# truck drivers



## ray humphrey (Mar 4, 2014)

hi I'm thinking about coming to Canada to work as a truck driver I was looking for some feed back weather its good or bad and what the lifestyle is like also thanks in advance


----------



## Auld Yin (Mar 10, 2009)

Have you any idea how large is Canada? It is the world's second largest country and covers six time zones. Where do you intend to settle? The country's weather goes from English like to Arctic like and everything in between. Lifestyles, like weather, varies in different parts of the country but Canada has one of the most stable economies and political systems in the world.


----------



## ray humphrey (Mar 4, 2014)

no I didn't and I didn't realise it was 6 times zones was thinking of the B C area but waiting for some information to come trough from a company in cornwal about the job thanks for the info


----------



## _shel (Mar 2, 2014)

Can you get a visa to live in Canada as a truck driver?


----------



## Jrge (Mar 22, 2011)

Hi,


_shel said:


> Can you get a visa to live in Canada as a truck driver?


1- If OP finds an employer willing to sponsor him, then yes, he could get a work permit (work-visa).
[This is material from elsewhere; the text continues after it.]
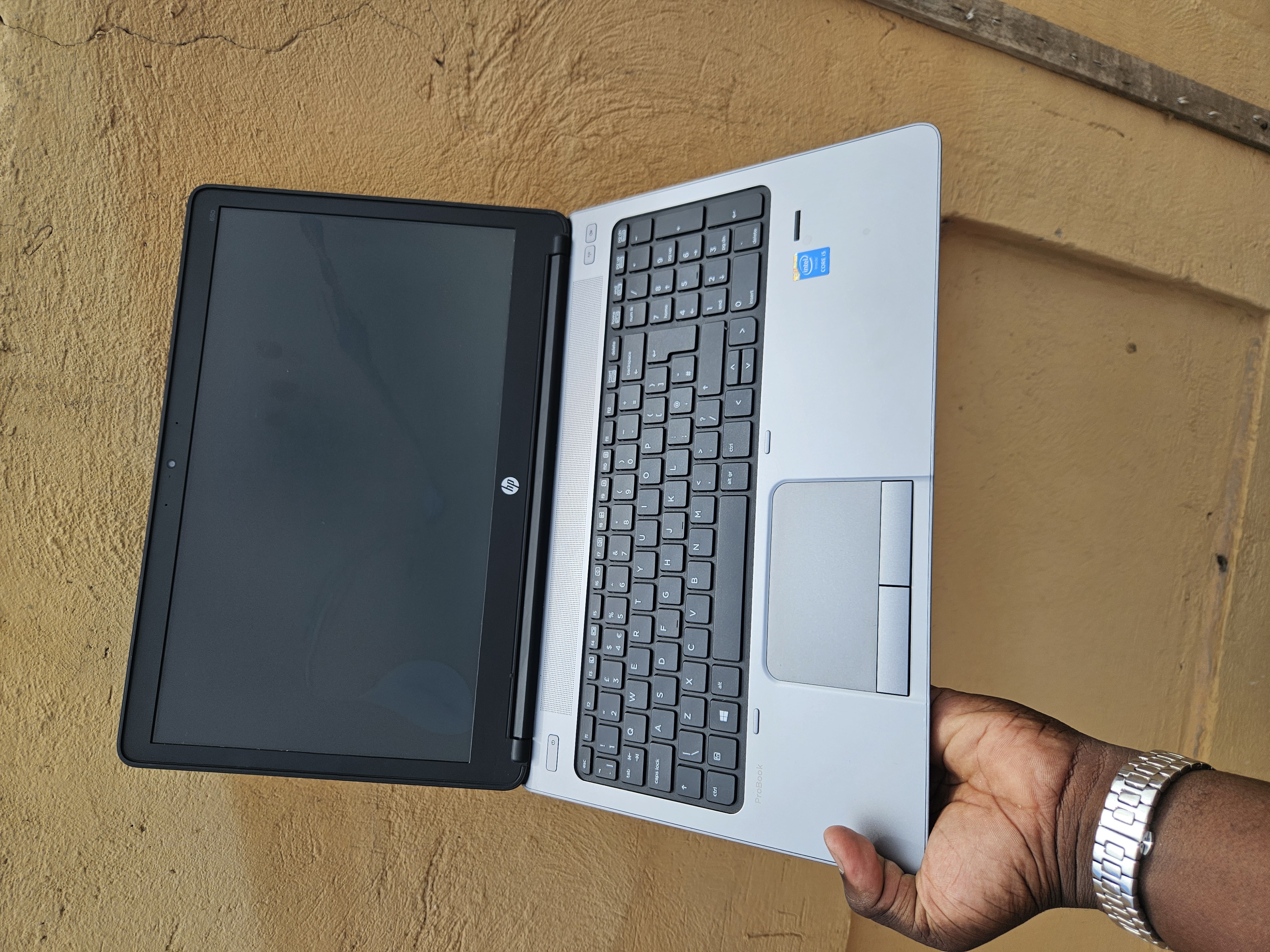 Intel core i5. Hp probook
Mind you there's a bit of a process to follow.

2- Certain Provinces (States in other countries) even offer options to nominate this line of work/ candidates for permanent residence. http://www.albertacanada.com/files/albertacanada/DC_EmpDSS_HHTMay_17.pdf

The Province I'm living (Alberta) is loaded with truckers (Lorry drivers) from the UK.

Animo
(Cheers)


----------



## ray humphrey (Mar 4, 2014)

thanks jrge


----------